The city’s hydroelectric power generated by the system has been interrupted by the fire, forcing the utility to spend $600,000 buying power on the open market.
Park employees are continuing their efforts to protect two groves of giant sequoias that are unique to the region by cutting brush and setting sprinklers, Medena said.
The fire has consumed more than 209 square miles of picturesque forests. Officials estimate containment at just 7 percent.
“It’s slowing down a bit, but it’s still growing,” Frederickson said.
Fire lines near Ponderosa Hills and Twain Hart are being cut miles ahead of the blaze in locations where fire officials hope they will help protect the communities should the fire jump containment lines.
“There is a huge focus in those areas in terms of air support and crews on the ground building fire lines to protect those communities. We’re facing difficult conditions and extremely challenging weather,” Frederickson said.

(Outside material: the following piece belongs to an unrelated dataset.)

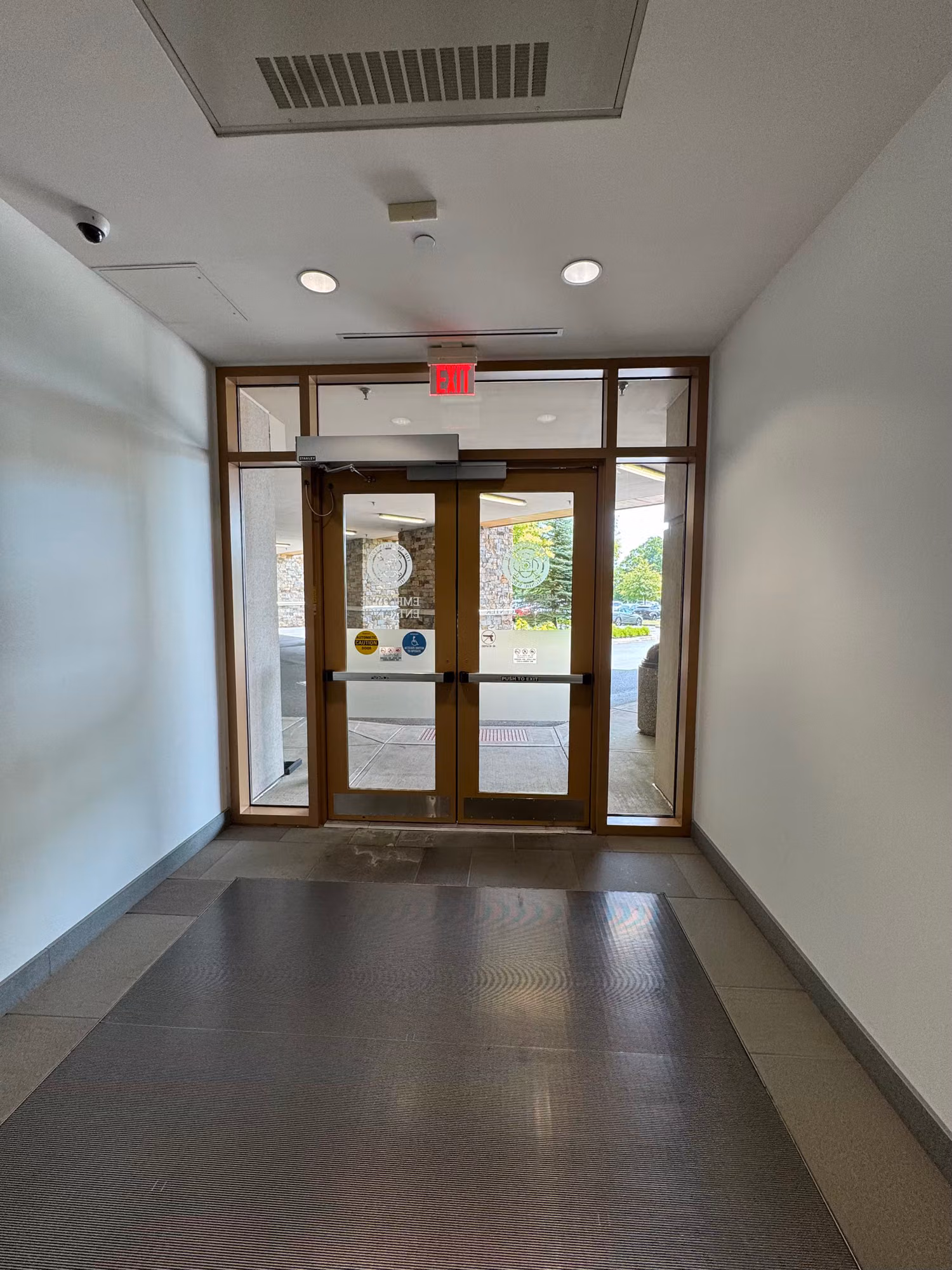 Interior entry vestibule with glass double doors, transom and sidelight windows leading to an exterior walkway.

The high winds and movement of the fire from bone-dry brush on the ground to 100-foot oak and pine treetops have created dire conditions.
“A crown fire is much more difficult to fight,” said Daniel Berlant of the California Department of Forestry and Fire Protection. “Our firefighters are on the ground having to spray up.”
The blaze sweeping across steep, rugged river canyons quickly has become one of the biggest in California history, thanks in part to extremely dry conditions caused by a lack of snow and rainfall this year. Investigators are trying to determine how the fire started Aug. 17, days before lightning storms swept through the region and sparked other, smaller blazes.
The fire is the most critical of a dozen burning across California, officials say. More than 12 helicopters and a half-dozen fixed wing tankers are dropping water and retardant from the air, and 2,800 firefighters are on the ground.